§ **Source data**
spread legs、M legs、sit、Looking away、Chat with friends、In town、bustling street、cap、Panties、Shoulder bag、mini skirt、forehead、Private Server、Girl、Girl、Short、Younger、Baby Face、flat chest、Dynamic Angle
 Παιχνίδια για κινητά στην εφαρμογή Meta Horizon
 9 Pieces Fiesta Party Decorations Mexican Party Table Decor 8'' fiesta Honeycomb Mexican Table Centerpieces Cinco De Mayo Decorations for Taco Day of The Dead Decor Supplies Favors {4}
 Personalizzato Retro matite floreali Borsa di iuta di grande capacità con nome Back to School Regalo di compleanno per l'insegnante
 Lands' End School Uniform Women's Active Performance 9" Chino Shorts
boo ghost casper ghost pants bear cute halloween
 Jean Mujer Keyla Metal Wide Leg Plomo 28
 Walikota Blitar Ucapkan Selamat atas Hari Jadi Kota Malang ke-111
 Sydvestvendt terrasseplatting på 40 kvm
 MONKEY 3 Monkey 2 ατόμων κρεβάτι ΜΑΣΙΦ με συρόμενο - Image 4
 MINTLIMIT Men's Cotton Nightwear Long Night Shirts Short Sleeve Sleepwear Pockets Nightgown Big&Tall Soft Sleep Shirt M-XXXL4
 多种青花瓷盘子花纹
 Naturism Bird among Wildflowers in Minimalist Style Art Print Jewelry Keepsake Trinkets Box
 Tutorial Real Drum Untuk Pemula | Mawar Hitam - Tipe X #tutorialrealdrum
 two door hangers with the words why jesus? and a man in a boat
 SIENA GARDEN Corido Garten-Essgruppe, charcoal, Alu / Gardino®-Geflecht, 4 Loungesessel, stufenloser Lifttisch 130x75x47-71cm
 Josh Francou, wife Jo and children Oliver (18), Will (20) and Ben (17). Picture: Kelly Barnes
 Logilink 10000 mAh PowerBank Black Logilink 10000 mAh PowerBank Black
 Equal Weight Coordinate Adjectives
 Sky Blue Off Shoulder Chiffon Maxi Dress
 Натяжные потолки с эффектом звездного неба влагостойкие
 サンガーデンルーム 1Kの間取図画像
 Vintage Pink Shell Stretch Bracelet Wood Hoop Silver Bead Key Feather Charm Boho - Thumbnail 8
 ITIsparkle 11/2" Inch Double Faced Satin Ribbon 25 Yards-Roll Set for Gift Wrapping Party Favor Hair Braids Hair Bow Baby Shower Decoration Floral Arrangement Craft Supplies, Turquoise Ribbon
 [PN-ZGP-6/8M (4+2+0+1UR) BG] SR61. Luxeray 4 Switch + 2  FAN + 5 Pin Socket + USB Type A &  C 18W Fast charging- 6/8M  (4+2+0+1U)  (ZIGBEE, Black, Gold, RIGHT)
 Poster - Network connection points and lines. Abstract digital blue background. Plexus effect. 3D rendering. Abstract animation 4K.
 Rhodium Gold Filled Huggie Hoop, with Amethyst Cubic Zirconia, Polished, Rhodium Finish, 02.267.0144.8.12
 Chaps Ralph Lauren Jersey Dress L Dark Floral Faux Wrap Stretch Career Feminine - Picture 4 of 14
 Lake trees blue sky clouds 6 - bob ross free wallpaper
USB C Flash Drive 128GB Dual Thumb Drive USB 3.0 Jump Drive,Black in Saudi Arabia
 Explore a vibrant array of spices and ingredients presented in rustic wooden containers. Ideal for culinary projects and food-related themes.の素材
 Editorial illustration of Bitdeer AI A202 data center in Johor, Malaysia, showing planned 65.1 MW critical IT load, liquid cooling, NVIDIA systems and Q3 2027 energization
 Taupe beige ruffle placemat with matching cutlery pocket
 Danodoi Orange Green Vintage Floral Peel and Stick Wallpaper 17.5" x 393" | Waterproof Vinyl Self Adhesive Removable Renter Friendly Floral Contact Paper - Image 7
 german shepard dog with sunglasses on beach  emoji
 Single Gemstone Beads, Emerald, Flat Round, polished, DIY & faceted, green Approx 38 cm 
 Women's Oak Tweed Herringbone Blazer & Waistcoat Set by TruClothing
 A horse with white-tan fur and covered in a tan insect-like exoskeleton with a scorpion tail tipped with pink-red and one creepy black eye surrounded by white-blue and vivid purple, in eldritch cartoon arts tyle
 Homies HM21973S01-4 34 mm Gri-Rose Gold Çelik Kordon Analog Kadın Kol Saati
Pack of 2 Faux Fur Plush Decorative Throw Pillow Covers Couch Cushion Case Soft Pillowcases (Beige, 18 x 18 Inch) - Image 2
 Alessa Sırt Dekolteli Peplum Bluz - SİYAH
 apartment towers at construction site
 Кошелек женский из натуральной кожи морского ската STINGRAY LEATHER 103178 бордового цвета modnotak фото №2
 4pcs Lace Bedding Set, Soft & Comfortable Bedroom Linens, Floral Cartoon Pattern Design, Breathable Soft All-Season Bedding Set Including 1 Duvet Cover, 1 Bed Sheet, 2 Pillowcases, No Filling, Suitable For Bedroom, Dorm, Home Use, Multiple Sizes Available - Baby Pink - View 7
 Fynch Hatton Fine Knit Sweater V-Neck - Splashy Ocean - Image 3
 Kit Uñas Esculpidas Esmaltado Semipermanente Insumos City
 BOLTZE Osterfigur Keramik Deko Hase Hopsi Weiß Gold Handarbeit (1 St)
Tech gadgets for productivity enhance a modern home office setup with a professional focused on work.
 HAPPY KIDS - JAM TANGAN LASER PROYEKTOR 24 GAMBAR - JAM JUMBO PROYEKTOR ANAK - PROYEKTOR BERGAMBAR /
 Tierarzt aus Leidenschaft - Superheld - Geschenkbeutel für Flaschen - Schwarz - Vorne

§ **Required action**
As listed above, the lines from the line with "Walikota Blitar Ucapkan" to the line with "Taupe beige ruffle" are to be echoed exactly, with both ends included and nothing added.

§ **Answer**
 Walikota Blitar Ucapkan Selamat atas Hari Jadi Kota Malang ke-111
 Sydvestvendt terrasseplatting på 40 kvm
 MONKEY 3 Monkey 2 ατόμων κρεβάτι ΜΑΣΙΦ με συρόμενο - Image 4
 MINTLIMIT Men's Cotton Nightwear Long Night Shirts Short Sleeve Sleepwear Pockets Nightgown Big&Tall Soft Sleep Shirt M-XXXL4
 多种青花瓷盘子花纹
 Naturism Bird among Wildflowers in Minimalist Style Art Print Jewelry Keepsake Trinkets Box
 Tutorial Real Drum Untuk Pemula | Mawar Hitam - Tipe X #tutorialrealdrum
 two door hangers with the words why jesus? and a man in a boat
 SIENA GARDEN Corido Garten-Essgruppe, charcoal, Alu / Gardino®-Geflecht, 4 Loungesessel, stufenloser Lifttisch 130x75x47-71cm
 Josh Francou, wife Jo and children Oliver (18), Will (20) and Ben (17). Picture: Kelly Barnes
 Logilink 10000 mAh PowerBank Black Logilink 10000 mAh PowerBank Black
 Equal Weight Coordinate Adjectives
 Sky Blue Off Shoulder Chiffon Maxi Dress
 Натяжные потолки с эффектом звездного неба влагостойкие
 サンガーデンルーム 1Kの間取図画像
 Vintage Pink Shell Stretch Bracelet Wood Hoop Silver Bead Key Feather Charm Boho - Thumbnail 8
 ITIsparkle 11/2" Inch Double Faced Satin Ribbon 25 Yards-Roll Set for Gift Wrapping Party Favor Hair Braids Hair Bow Baby Shower Decoration Floral Arrangement Craft Supplies, Turquoise Ribbon
 [PN-ZGP-6/8M (4+2+0+1UR) BG] SR61. Luxeray 4 Switch + 2  FAN + 5 Pin Socket + USB Type A &  C 18W Fast charging- 6/8M  (4+2+0+1U)  (ZIGBEE, Black, Gold, RIGHT)
 Poster - Network connection points and lines. Abstract digital blue background. Plexus effect. 3D rendering. Abstract animation 4K.
 Rhodium Gold Filled Huggie Hoop, with Amethyst Cubic Zirconia, Polished, Rhodium Finish, 02.267.0144.8.12
 Chaps Ralph Lauren Jersey Dress L Dark Floral Faux Wrap Stretch Career Feminine - Picture 4 of 14
 Lake trees blue sky clouds 6 - bob ross free wallpaper
USB C Flash Drive 128GB Dual Thumb Drive USB 3.0 Jump Drive,Black in Saudi Arabia
 Explore a vibrant array of spices and ingredients presented in rustic wooden containers. Ideal for culinary projects and food-related themes.の素材
 Editorial illustration of Bitdeer AI A202 data center in Johor, Malaysia, showing planned 65.1 MW critical IT load, liquid cooling, NVIDIA systems and Q3 2027 energization
 Taupe beige ruffle placemat with matching cutlery pocket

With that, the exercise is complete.